Chris Urmson was the CTO of the Google Self-Driving Car team, a key engineer and leader behind the Carnegie Mellon autonomous vehicle entries in the DARPA grand challenges and the winner of the DARPA urban challenge. Today he is the CEO of Aurora Innovation, an autonomous vehicle software company he started with Sterling Anderson, who was the former director of Tesla Autopilot, and Drew Bagnell, Uber’s former autonomy and perception lead.
[ AI Podcast ]
In this week’s episode of Robots in Depth, Per speaks with Lael Odhner from RightHand Robotics.

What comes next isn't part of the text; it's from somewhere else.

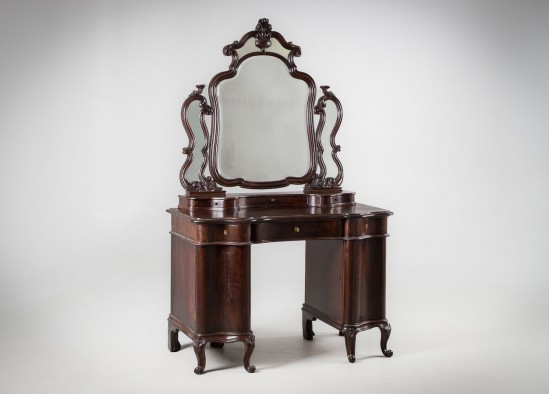 Dressing table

Lael Odhner is a co-founder of RightHand Robotics, that is developing a gripper based on the combination of control and soft, compliant parts to get better grasping of objects. Their work focuses on grasping and manipulating everyday human objects in everyday environments.This mimics how human hands combine control and flexibility to grasp objects with great dexterity.
The combination of control and compliance makes the RightHand robotics gripper very light-weight and affordable. The compliance makes it easier to grasp objects of unknown shape and differs from the way industrial robots usually grip. The compliance also helps in a more unstructured environment where contact with the object and its surroundings cannot be exactly predicted.